Limitations & Future Work

  • High Redundancy: 64.5% redundancy means many responses fall outside the target window; as an "all-day assistant," it might be too intrusive. Better "when to stay silent" controls are needed.
  • Limited Evaluation Scale: The test set contains only 40 videos (though with 13k+ responses), and the data originates entirely from Ego4D (first-person view). Generalization across domains (surveillance, in-car, desktop) is not yet verified.

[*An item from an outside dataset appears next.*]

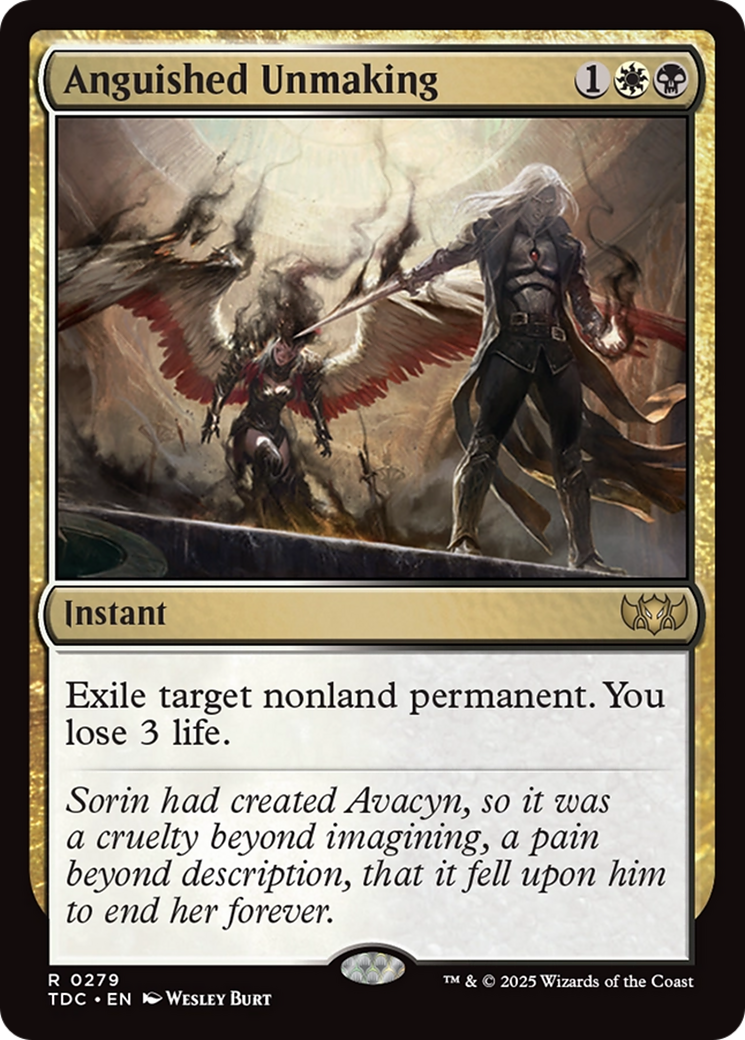 Image of Anguished Unmaking [Tarkir: Dragonstorm Commander]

  • Scoring Depends on Closed-source Models: Scores are evaluated using GPT-3.5-turbo, and QAs are generated by GPT-4o, affecting the consistency and reproducibility based on external APIs.
  • Comparison Scope: Primarily compared with VideoLLM-online as it is the only baseline with open-source online inference code; comparison with fixed memory methods was only indirect in ablations.

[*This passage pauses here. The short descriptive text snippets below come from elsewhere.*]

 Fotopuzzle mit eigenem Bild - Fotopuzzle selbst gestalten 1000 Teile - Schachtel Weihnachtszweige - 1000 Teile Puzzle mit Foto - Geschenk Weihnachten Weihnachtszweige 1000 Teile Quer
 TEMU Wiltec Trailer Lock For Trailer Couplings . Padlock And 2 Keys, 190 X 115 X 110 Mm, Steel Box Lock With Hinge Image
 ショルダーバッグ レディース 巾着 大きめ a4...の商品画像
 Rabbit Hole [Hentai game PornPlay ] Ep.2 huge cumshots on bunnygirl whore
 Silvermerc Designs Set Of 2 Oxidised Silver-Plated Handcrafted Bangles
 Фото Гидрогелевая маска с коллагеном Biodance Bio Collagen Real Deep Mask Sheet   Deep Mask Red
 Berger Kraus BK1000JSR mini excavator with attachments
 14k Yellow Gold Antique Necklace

  • Long Video Understanding: Token-based routes (LLaMA-VID) vs. fixed memory bank routes (MovieChat, MA-LMM). The former's cost scales with frames, while the latter's memory is fixed and non-proactive.
  • Online Video LLMs: VideoLLM-online first proposed Streaming-EOS for response timing. VideoLLM-MoD/LION-FS and TimeChat-online attempted to extend duration but did not eliminate frame token accumulation. Memento is the first to merge "proactive interaction" and "long-term memory."
  • Insight: When a new efficient representation (dynamic memory) breaks the "position-wise alignment" assumption, rather than abandoning mature training objectives, one should design an alignment mask to "graft" the old objectives back. This "change representation, keep supervision" approach has migration value for other compressed/memory-based architectures.

Rating

  • Novelty: ⭐⭐⭐⭐ First proactive framework for ultra-long streaming; the combination of dynamic memory and SAMA is a true architectural innovation.
  • Experimental Thoroughness: ⭐⭐⭐ Comprehensive ablations, but fewer main baselines and a limited/single-domain test set (Ego4D).
  • Writing Quality: ⭐⭐⭐⭐ Clear motivation (the Memento analogy is apt); three modules solve distinct problems with a complete logical chain.
  • Value: ⭐⭐⭐⭐ Targets the highly practical direction of "all-day proactive AI assistants"; the accompanying dataset and benchmark are strong contributions to the community.